To make sure run() always has stuff to do, you assign handlers. So for example, if you were setting up a tcp server, you would create a server socket (and reference the io_service), call the listen method, and then call io_service.run().
 
Important to note that calling the listen method by itself doesn't actually do anything - it just registers a handler with the io_service. it's not until you call run() that anything happens.
 
When a client connects, your handler is called and you accept the connection. But now your listen method has invoked its handler, there is no more work to do, and as soon as your handler is finished, the run() method would exit. So, if you wanted your app to keep going, you need to register another handler - usually by registering another listen() handler.
 
The same goes for read()/write() handlers.
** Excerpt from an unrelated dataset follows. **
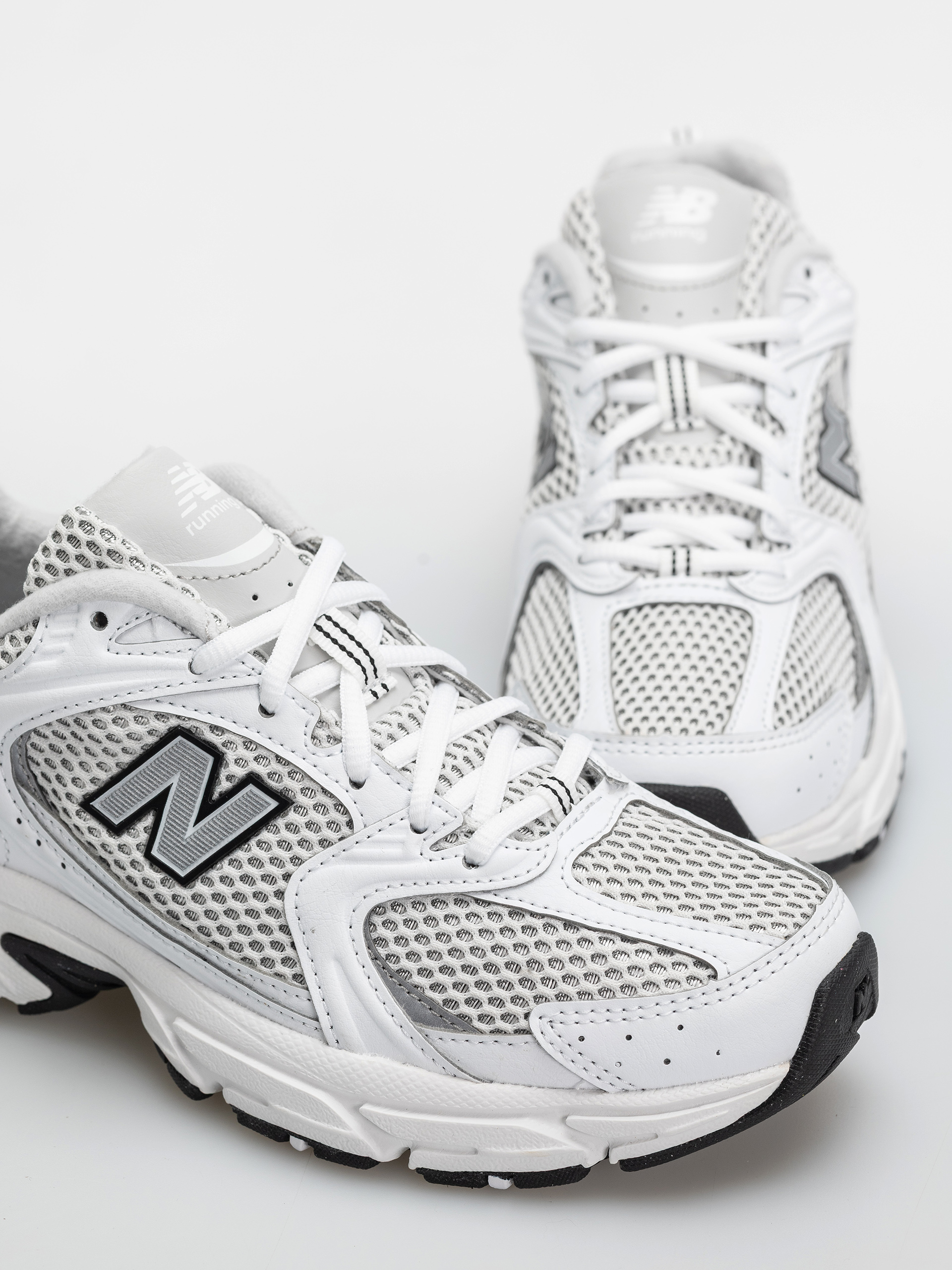 Обувки New Balance 530 (white/silver metallic/black)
If you read something from a socket, generally you'll want to register another read() handler so it can read more when it arrives.
 
And this is where shared_ptrs are just a little bit useful, but may not be all that useful in our case. The shared_ptr just makes sure that a pointer to the Core::Connection (or whatever object we have) doesn't go out of scope and die. If your server didnt maintain a list of active connections (and we werent using shared ptrs) then once you registered a handler for a particular connection (with "this"), then as soon as that method ended, your Connection object goes out of scope. Problem is that when the handler is actually called, the object it is working on is dead, and that's a crash (smiley)
 
In our case though, the only place we are using boost::asio at the moment is for client sockets, so we don't really need to worry about multiple connections, etc. We just hold references to socket objects that won't fall out of scope anywhere, and we then don't need shared_ptrs.